Les opérateurs de paris sportifs ont mis en place des stratégies marketing agressives pour conquérir de nouveaux joueurs. Ce constat a notamment été mis en lumière par la coupe du monde de football en 2018 puis l’Euro en 2021. De fait les publicités pour les jeux d’argent doivent être mieux encadrées.
À quelques mois de la coupe du monde 2022, l’Autorité nationale des jeux a publié le 23 février de nouvelles lignes directrices et recommandations sur ce sujet, à la suite d’une consultation publique à laquelle la Fédération Addiction a participé.
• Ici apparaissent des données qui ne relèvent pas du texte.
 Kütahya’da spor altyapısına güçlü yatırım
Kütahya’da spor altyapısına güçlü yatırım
Ce document va dans le bon sens mais sa portée reste limitée par le cadre légal, qui doit donc évoluer.
Un contrôle accru du contenu des messages publicitaires
Les lignes directrices de l’ANJ (Autorité nationale des jeux) restreignent le contenu des publicités pour les jeux d’argent et de hasard. L’Autorité interdit ainsi toute représentation de mineurs dans les publicités mais également le fait de faire croire à « la possibilité de changer de statut social » grâce au jeu ou les « signes extérieurs de richesse ou de produits de luxe ».
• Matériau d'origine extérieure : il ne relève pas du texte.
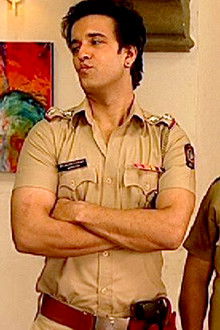 Gopi Buys The Haunted House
Ces interdits sont conformes à certaines des recommandations que la Fédération Addiction avait communiquées à l’ANJ en novembre dernier. Il est cependant nécessaire d’aller plus loin : la Fédération souhaite notamment que les publicités pour les jeux d’argent et de hasard ne puissent pas utiliser l’image des sportifs1. C’est une mesure nécessaire afin de casser l’association entre joueurs et supporters que le marketing des opérateurs de jeu tente de créer.
Des recommandations pertinentes mais limitées par le cadre législatif et réglementaire
L’ANJ propose en outre des recommandations pour « limiter la pression des messages publicitaires ». Ces recommandations évitent la stigmatisation des publics ce qui est une bonne chose. Toutefois, comme l’Autorité le note, ces « recommandations ne revêtent pas de caractère impératif ».
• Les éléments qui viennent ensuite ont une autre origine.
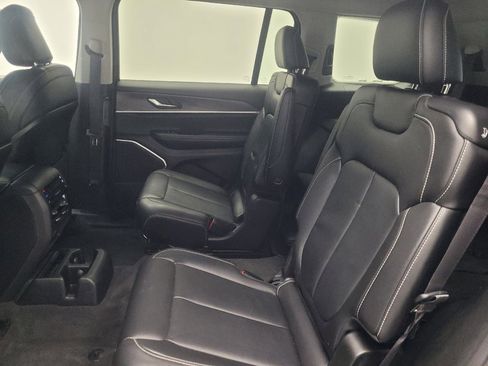 Used 2022 Jeep Grand Cherokee L Limited image 18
Ainsi, par exemple, « les régies publicitaires sont invitées à limiter à trois, au sein d’un même écran publicitaire, le nombre de communications commerciales pour les jeux d’argent et de hasard, tous opérateurs confondus ». La Fédération Addiction propose d’aller beaucoup plus loin en mettant en place un Whistle to whistle ban : une interdiction des publicités pour les paris sportifs 5 minutes avant un match et jusqu’à 5 minutes après le coup de sifflet final qui a fait ses preuves au Royaume-Uni en réduisant de 97 % le nombre de pubs TV vues par des mineurs de moins de 17 ans. Cette mesure nécessite une adaptation du cadre légal : il faut que gouvernement et législateur prennent leur responsabilité !
Renforcer les dispositifs d’auto-exclusion et le repérage des joueurs problématiques
Autre point positif : l’ANJ recommande aux opérateurs de jeux d’exclure, avec leur accord, les joueurs identifiés comme joueur pathologique et ne bénéficiant pas d’une mesure d’auto-exclusion ou d’interdiction. Malheureusement, l’ANJ ne reprend pas notre proposition qu’un joueur qui s’auto-exclut chez un opérateur puisse l’être de tous les autres opérateurs de jeux. De même, elle ne recommande pas non d’utiliser des logiciels pour repérer les pratiques à risques ni d’utiliser des modérateurs de jeu.
L’addiction aux jeux d’argent et de hasard est la seule addiction comportementale reconnue par l’OMS. Et elle touche de plus en plus de jeunes mineurs, comme l’a montré une récente étude2.
Alors que la coupe du monde de football 2022 se profile, la Fédération Addiction continue de demander une plus forte réglementation de la publicité pour les jeux d’argent.